(Your instructions):
Since pictures are not part of the copy, please output only the lines from the one with "Men’s Classic Faux" through the end of the data below, exactly as written.

(Information supplied):

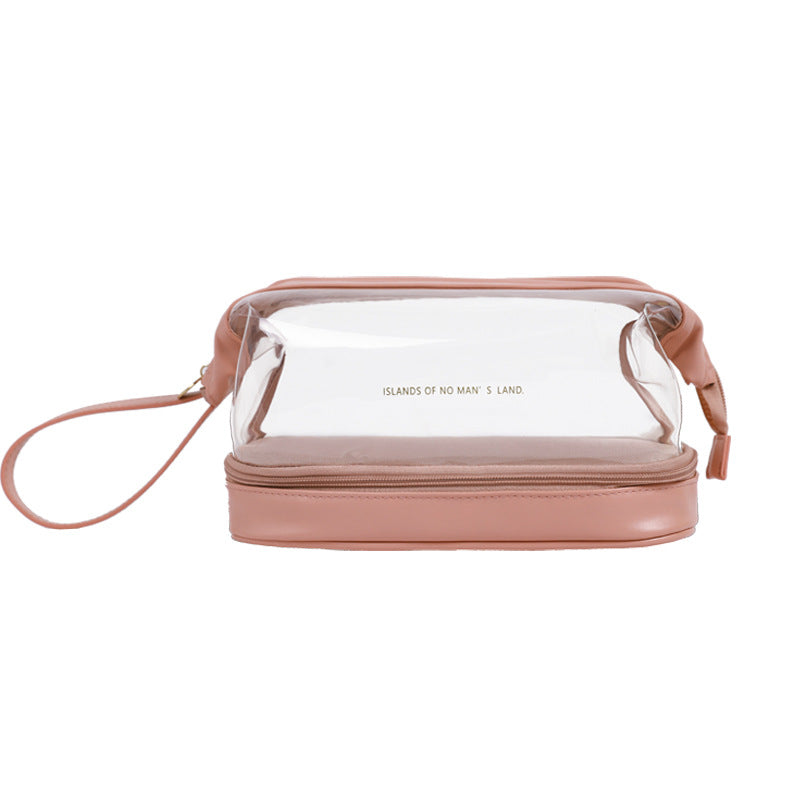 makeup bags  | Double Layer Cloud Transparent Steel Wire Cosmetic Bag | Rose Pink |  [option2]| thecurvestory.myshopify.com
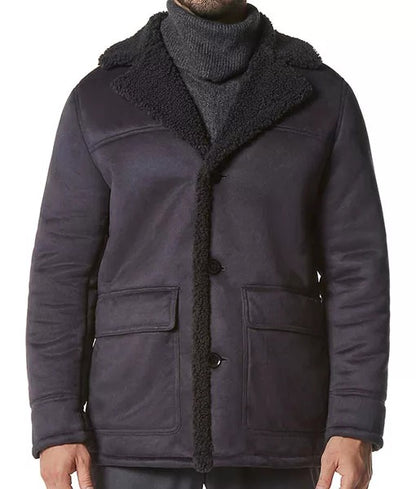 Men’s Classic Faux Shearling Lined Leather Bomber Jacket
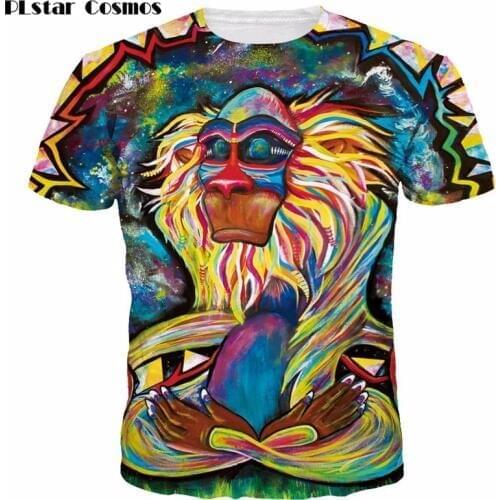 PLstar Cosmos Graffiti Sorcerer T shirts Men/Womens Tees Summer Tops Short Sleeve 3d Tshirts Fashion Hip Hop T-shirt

(Response area):
 Men’s Classic Faux Shearling Lined Leather Bomber Jacket
 PLstar Cosmos Graffiti Sorcerer T shirts Men/Womens Tees Summer Tops Short Sleeve 3d Tshirts Fashion Hip Hop T-shirt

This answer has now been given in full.